One of the times when I experienced this was when I went to Boise, Idaho for six months. I had been working at a trucking company, going to college, living with a couple guys in an apartment. They were both dating people (who would later be their wives), and I was just out there, dangling somewhere. Between work and school, I felt disconnected, alone. I knew something had to change. I didn't know how to get there.

Then came the night around Thanksgiving when all the college guys were pulled off the dock and called into the office. Tonight was our last night (they told us this AFTER a 12-hour shift), we wouldn't need to come in next weekend, and they'd let us know if they needed us?

A tall guy named Scott who had just bought a truck said, "So does that mean a month, a couple weeks?"
"No, Scott," I said, "they're letting us go." Scott looked at the supervisor; the supervisor looked at the floor.
"Is that what you mean?" Scott persisted. The supervisor nodded. Several of the guys were devastated. They had bought color TVs, made down payments on trucks or sports cars they could no longer afford. I went home and made a snow angel. I was free!

My friend Rod saw me when I came home. "What are you going to do?"

I hadn't thought about it until that moment, and an idea popped in my head that was more certain than anything I'd ever felt. "I'm going to Boise."

I had just been in Boise that August, and it was now December, for my cousin's wedding.

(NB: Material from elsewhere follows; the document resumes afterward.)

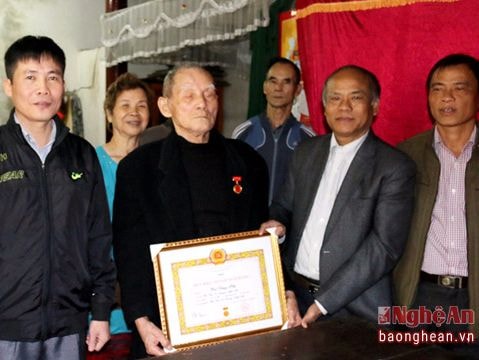 Trao tặng Huy hiệu 70 năm tuổi đảng cho đảng viên cao tuổi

My aunt said, "If you ever need someplace to come to, you're always welcome here." The thought had stayed in the back of my mind and rose again to the surface when I needed it. I made a phone call the night I was let go, and in 24 hours had made plans to go to Boise. The next six months changed my life and I found a lot of healing out there with extended family, the mountains of the Idaho desert, and getting caught in a snowstorm somewhere in Iowa.

I've felt that certainty with relationships, too. Usually it's been an invisible door closing, or maybe I've been knocking on the door for some time, not wanting to believe it was actually closed or locked, hoping against hope that maybe I could find a crack in the door, or if I knocked long enough, they'd let me in. During the knocking, the hoping and the wishing my knuckles become pretty bloody, there's a lot of frustration, and then finally, either worn out or realizing that the door really is locked, I step back and start to accept that this is a door I can't open. Sometimes it's a mixture of hopelessness, despair, and acceptance, but there's peace in it too. I've stopped knocking, I know there's a change coming.

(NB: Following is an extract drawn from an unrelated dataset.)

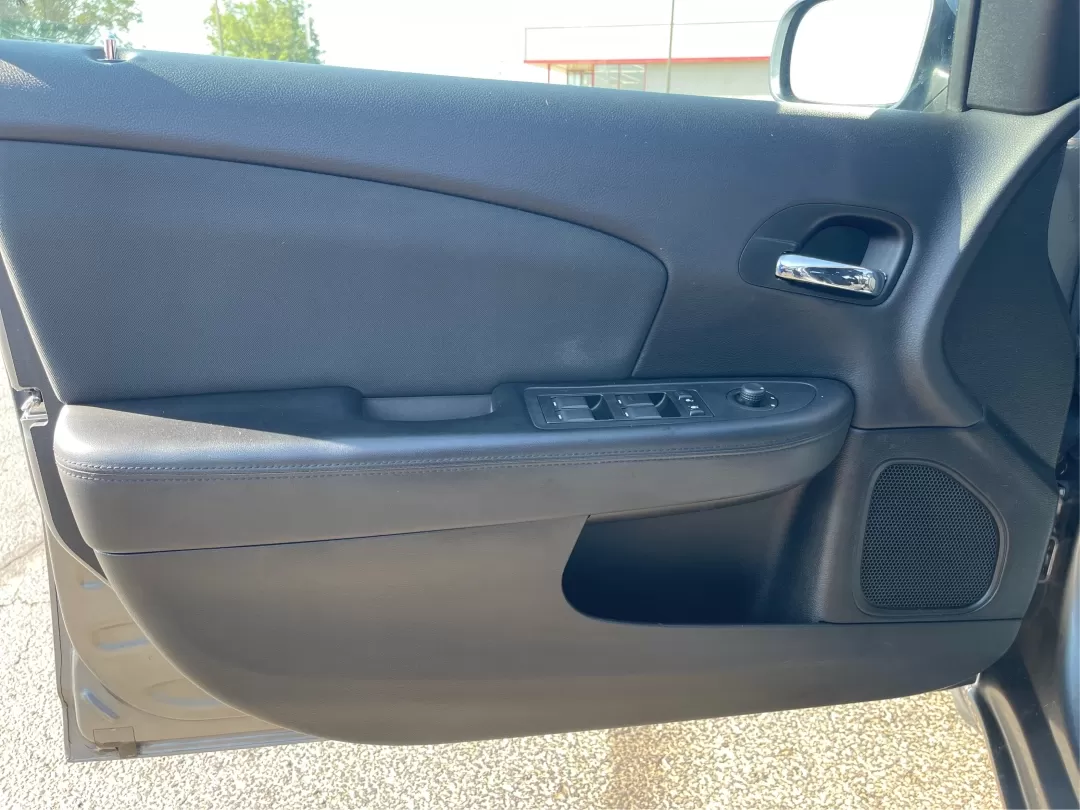 2012 Chrysler 200 Touring (1C3CCBBG5CN) with an 2.4L I-4 DOHC engine, located at 4508 South Dixie Dr, Moraine, OH, 45439, (937) 908-9800, 39.689976, -84.218452 - Photo#17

It happened like that at the end of college with a girl I had been pretty into for about three years. Unfortunately it has taken me a lot longer to realize something that other learn pretty quickly, but there I was, knowing without having to talk about it that things were over. We went ahead and had that final conversation anyway, and the next week she was dating the guy she would later marry. In the meantime I began jogging 6-10 miles several times a week and working 70 hours.

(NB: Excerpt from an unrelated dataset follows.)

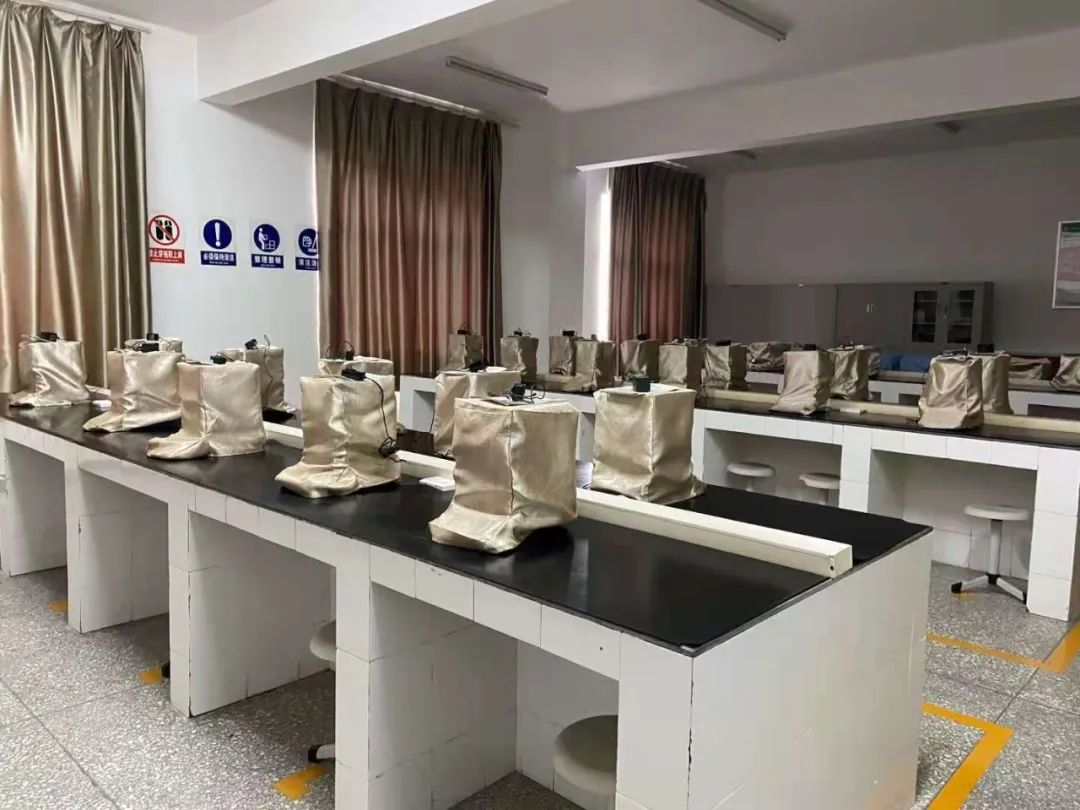 2022年河南化工技师学院工业分析与检验专业春季招生(21) 2022年河南化工技师学院工业分析与检验专业春季招生(21)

Recently I've seen a friend knocking on doors of her own, with work, with school, with relationships. She's smart, talented, educated, and yet every door she knocked on was locked. She couldn't figure it out, and watching it from the outside felt like watching someone being corralled into a very small space where there is only one place left to go, the bottleneck, before opening up into wide open spaces. I saw her go through the bottleneck, which meant she moved several hours away, and now things she'd been wishing for, hoping for, and dreaming about our finally happening. I'm happy for her, and at the same time am left wondering if there are wide open spaces for me as well. There's a dream I keep carefully hidden, and most don't know how much I struggle with it because I've learned to hide it well, but the longing is still there, and for now so is the bottleneck. The last couple months I've lost some things that meant a lot to me, and am seeing doors close left and right. Something's about to change. That's the only certainty I have right now.